= Task =
Leave out the images and set down the records below exactly.

= Exercise data =

((

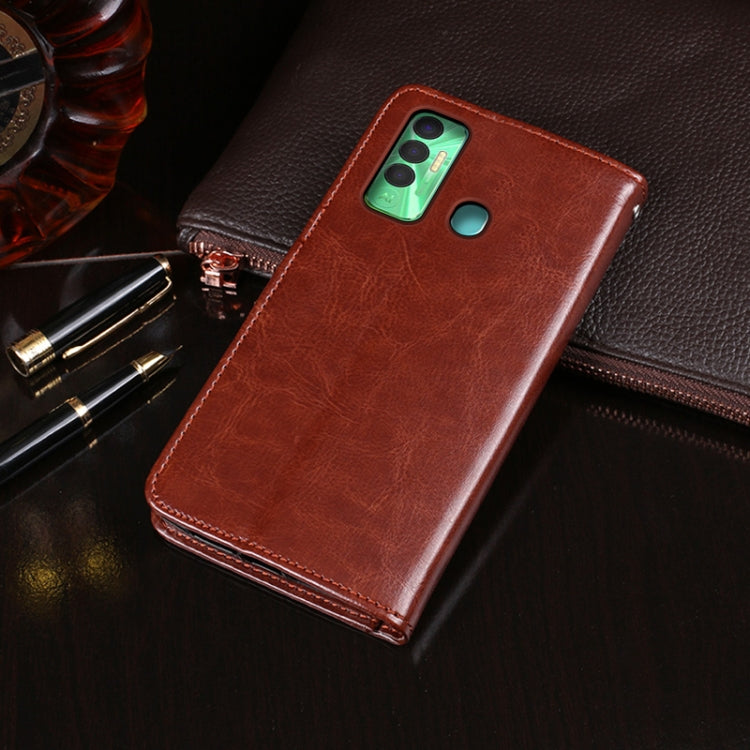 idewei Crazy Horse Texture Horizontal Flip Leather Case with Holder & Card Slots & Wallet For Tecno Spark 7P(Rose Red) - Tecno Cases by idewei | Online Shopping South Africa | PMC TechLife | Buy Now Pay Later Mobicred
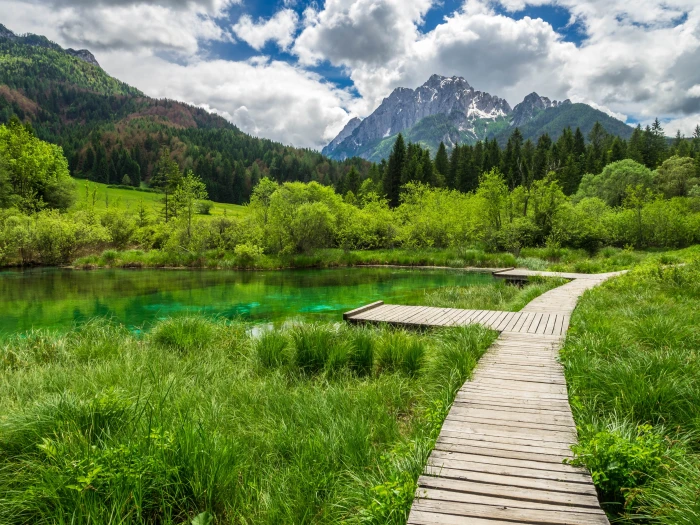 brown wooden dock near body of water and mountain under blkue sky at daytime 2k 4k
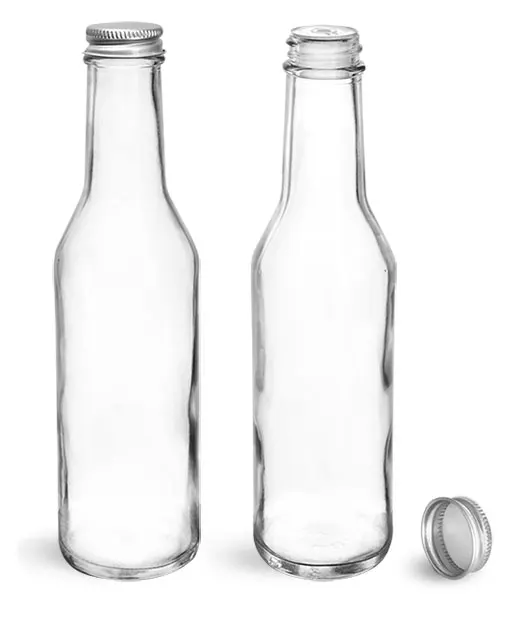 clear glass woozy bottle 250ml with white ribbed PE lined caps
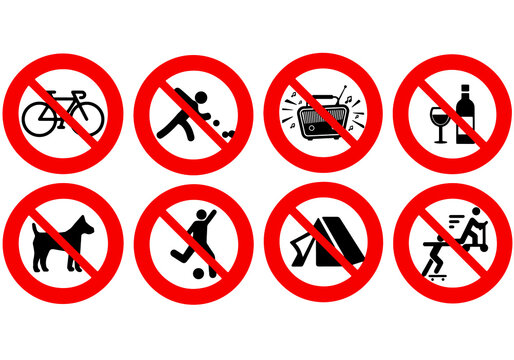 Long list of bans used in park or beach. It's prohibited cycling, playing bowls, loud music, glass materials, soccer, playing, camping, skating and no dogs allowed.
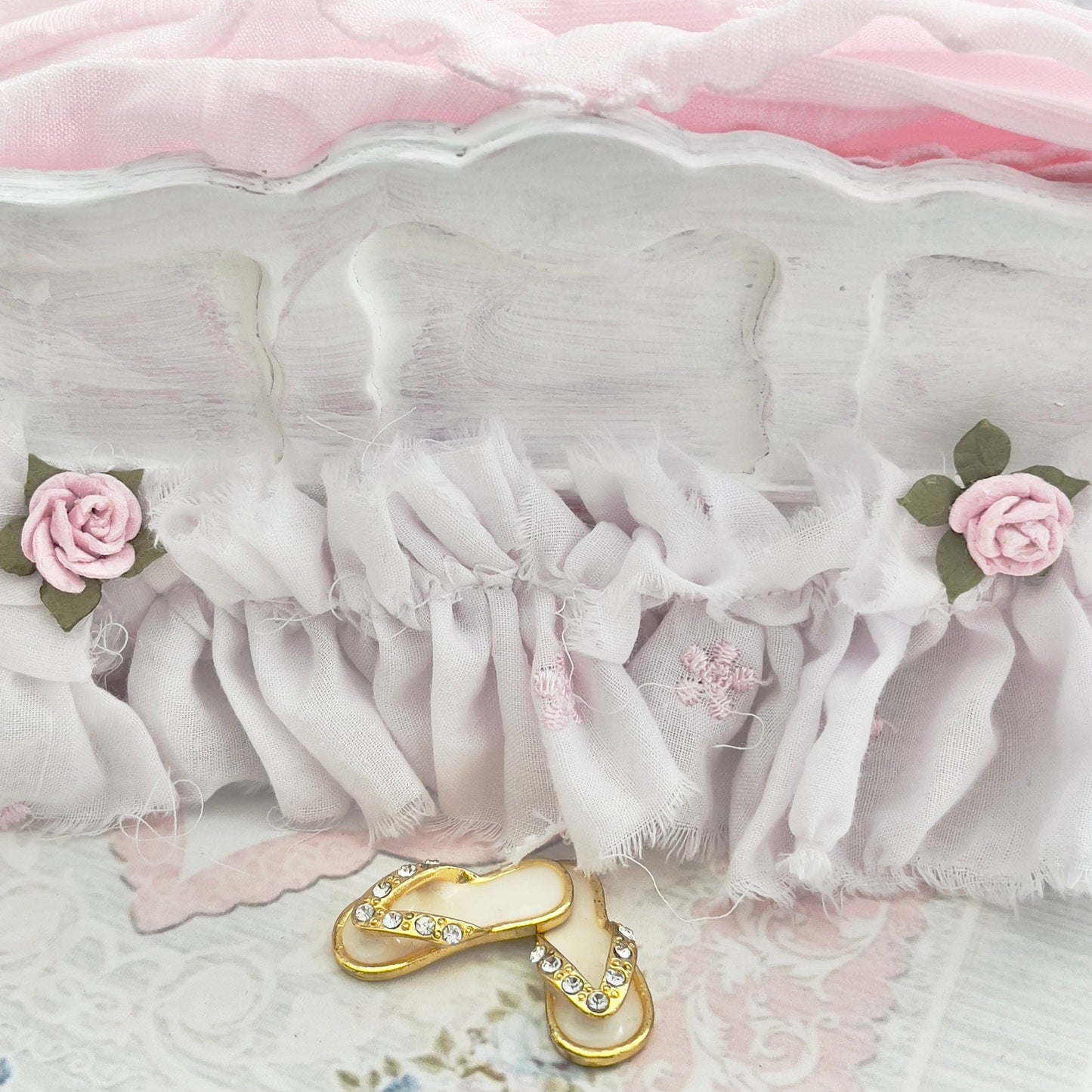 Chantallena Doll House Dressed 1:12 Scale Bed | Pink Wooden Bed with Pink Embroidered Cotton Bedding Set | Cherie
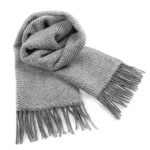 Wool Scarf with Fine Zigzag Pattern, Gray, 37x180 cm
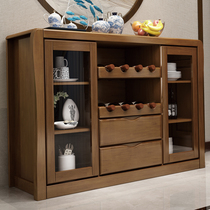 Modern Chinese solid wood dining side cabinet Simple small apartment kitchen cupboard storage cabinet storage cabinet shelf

))

= Answer below =
 idewei Crazy Horse Texture Horizontal Flip Leather Case with Holder & Card Slots & Wallet For Tecno Spark 7P(Rose Red) - Tecno Cases by idewei | Online Shopping South Africa | PMC TechLife | Buy Now Pay Later Mobicred
 brown wooden dock near body of water and mountain under blkue sky at daytime 2k 4k
 clear glass woozy bottle 250ml with white ribbed PE lined caps
 Long list of bans used in park or beach. It's prohibited cycling, playing bowls, loud music, glass materials, soccer, playing, camping, skating and no dogs allowed.
 Chantallena Doll House Dressed 1:12 Scale Bed | Pink Wooden Bed with Pink Embroidered Cotton Bedding Set | Cherie
 Wool Scarf with Fine Zigzag Pattern, Gray, 37x180 cm
 Modern Chinese solid wood dining side cabinet Simple small apartment kitchen cupboard storage cabinet storage cabinet shelf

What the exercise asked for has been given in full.